When seeking class certification, plaintiff bears the burden of proving that the action satisfies all four threshold requirements set forth in Fed.R.Civ.P. 23(a) and also falls within one of the three categories of Rule 23(b). Eisen v. Carlisle & Jacquelin, 417 U.S. 156, 163, 94 S.Ct. 2140, 2145, 40 L.Ed.2d 732 (1974); Weiss v. York Hosp., 745 F.2d 786, 807 (3d Cir.1984), cert. denied, 470 U.S. 1060, 105 S.Ct. 1777, 84 L.Ed.2d 836 (1985).
Rule 23(a) provides:
(a) Prerequisites to a Class Action. One or more members of a class may sue or be sued as representative parties on behalf of all only if (1) the class is so numerous that joinder of all members is impracticable, (2) there are questions of law or fact common to the class, (3) the claims or defenses of the representative parties are typical of the claims or defenses of the class, and (4) the representative parties will fairly and adequately protect the interests of the class.
Fed.R.Civ.P. 23(a).
A plaintiff relying on Rule 23(b)(3) must also meet two additional criteria: (1) questions of law or fact common to class members must predominate over any questions affecting individual members; and (2) the class action device must be superior to any other method of adjudiciation. Fed.R.Civ.P. 23(b)(3).

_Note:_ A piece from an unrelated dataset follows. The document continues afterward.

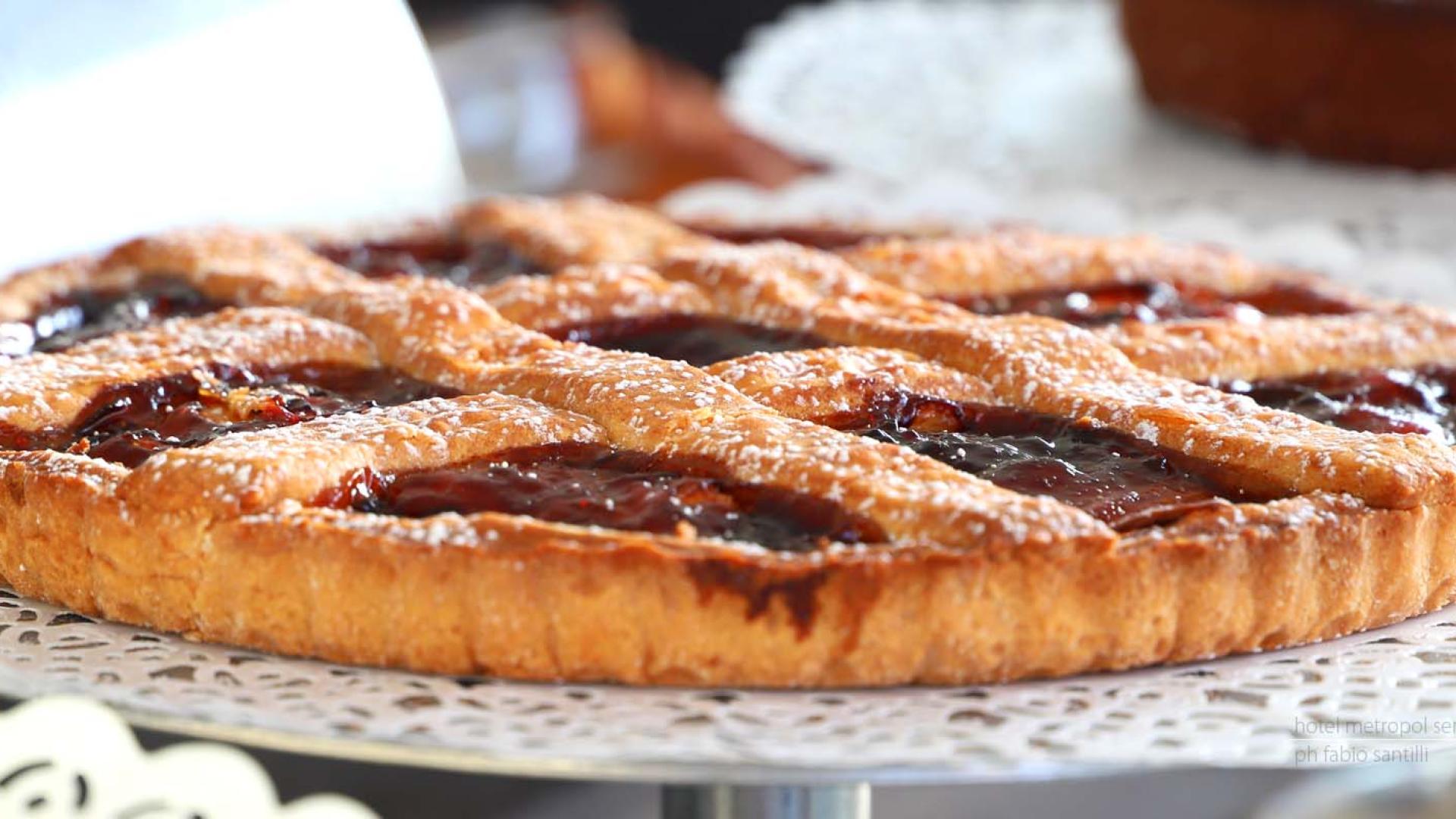 Crostata con marmellata e griglia di pasta frolla, su vassoio decorato.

A. Numerosity (Rule 23(a)(1))
Rule 23(a)(1) permits class action treatment only when “the class is so numerous that joinder of all class members is impracticable.” Fed.R.Civ.P. 23(a)(1). No definite standard exists concerning a magic number satisfying the numerosity requirement, nor must plaintiff allege the exact number or identity of class members. Dirks v. Clayton Brokerage Co. of St. Louis, Inc., 105, F.R.D. 125, 131 (D.Minn.1985) (citing F.C. Wright & A. Miller, M. Kane Federal Practice and Procedure § 1762, at 562 (1972)); In re Data Access Sys. Sec. Litig., 103 F.R.D. 130,137 (D.N.J.1984). It is proper for the court “to accept common sense assumptions in order to support a finding of numerosity.” Wolgin v. Magic Marker Corp., 82 F.R.D. 168, 171 (E.D.Pa.1979); accord, Peil v. Speiser, 97 F.R.D. 657 (E.D.Pa.1983).
Plaintiffs estimate the class size as “in the thousands.” Plaintiffs’ consolidated motion for class certification at 8. Defendants have not contested this estimate and in fact have indicated the class size may be hundreds or thousands. Defendants’ memorandum at 6 and 89. The existence of that many class members would render joinder impracticable. It does not appear that the class size will be so large as to be unmanageable. The numerosity requirement, Rule 23(a)(1), is satisfied.

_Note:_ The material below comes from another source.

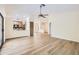 Bright, open-concept living space with wood floors, seamlessly connected to the kitchen area at 17349 E Quail Ridge Dr, Fountain Hills, AZ 85268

B. Common Questions of Law or Fact (Rule 23(a)(2))
Courts have permissively applied the commonality requirement of Rule 23(a)(2) to a “large variety of factual circumstances including allegations of conspiracy and securities fraud.” In re Data Access Sys., supra, 103 F.R.D. at 137 (citing Peil v. National Semiconductor Corp., 86 F.R.D. 357, 367 (E.D.Pa.1980), cert. denied, 474 U.S. 903, 106 S.Ct. 232, 88 L.Ed.2d 230 (1985)). In this case plaintiffs allege the existence of a horizontal price fixing conspiracy by defendants.
Antitrust price-fixing conspiracy cases, by their nature, deal with common legal and factual questions about the existence, scope and effect of the alleged conspiracy.
In re Sugar Indus. Antitrust Litig., 73 F.R.D. 322, 335 (E.D.Pa.1976). Defendants do not contest the existence of common *626questions of law or fact.1 Here, the commonality requirement is satisfied since common questions exist with respect to each member of the putative class. Some common questions include: (1) whether defendants conspired to raise, fix, maintain and stabilize at artificial and noncompetitive levels the prices, terms and conditions of sale of the chlor-alkali products they sold; and, (2) whether the prices paid by plaintiffs and the proposed class members were higher than they would have been absent the alleged conspiracy.
C. Typicality (Rule 23(a)(3))
The claims of the representative parties must be typical of the claims of the class. Fed.R.Civ.P. 23(a)(3). The “typicality” requirement is a safeguard against interclass conflicts, insuring that the named plaintiff’s interests are more or less coextensive with those of the class. Sley v. Jamaica Water and Utilities, Inc., 77 F.R.D. 391, 394 (E.D.Pa.1977). In this respect the typicality requirement overlaps with the Rule 23(a)(4) requirement since it ensures that absent class members will be adequately represented.
The typicality requirement is met if the plaintiff's claim arises from the same event or course of conduct that gives rise to the claims of other class members and is based on the same legal theory. Zeffiro v. First Penn. Banking & Trust Co., 96 F.R.D. 567 (E.D.Pa.1983). As this court stated:
The heart of this requirement is that plaintiff and each member of the represented group have an interest in prevailing on similar legal claims. Assuming such an interest, particular factual differences, differences in the amount of damages claimed, or even the availability of certain defenses against a class representative may not render his or her claims atypical.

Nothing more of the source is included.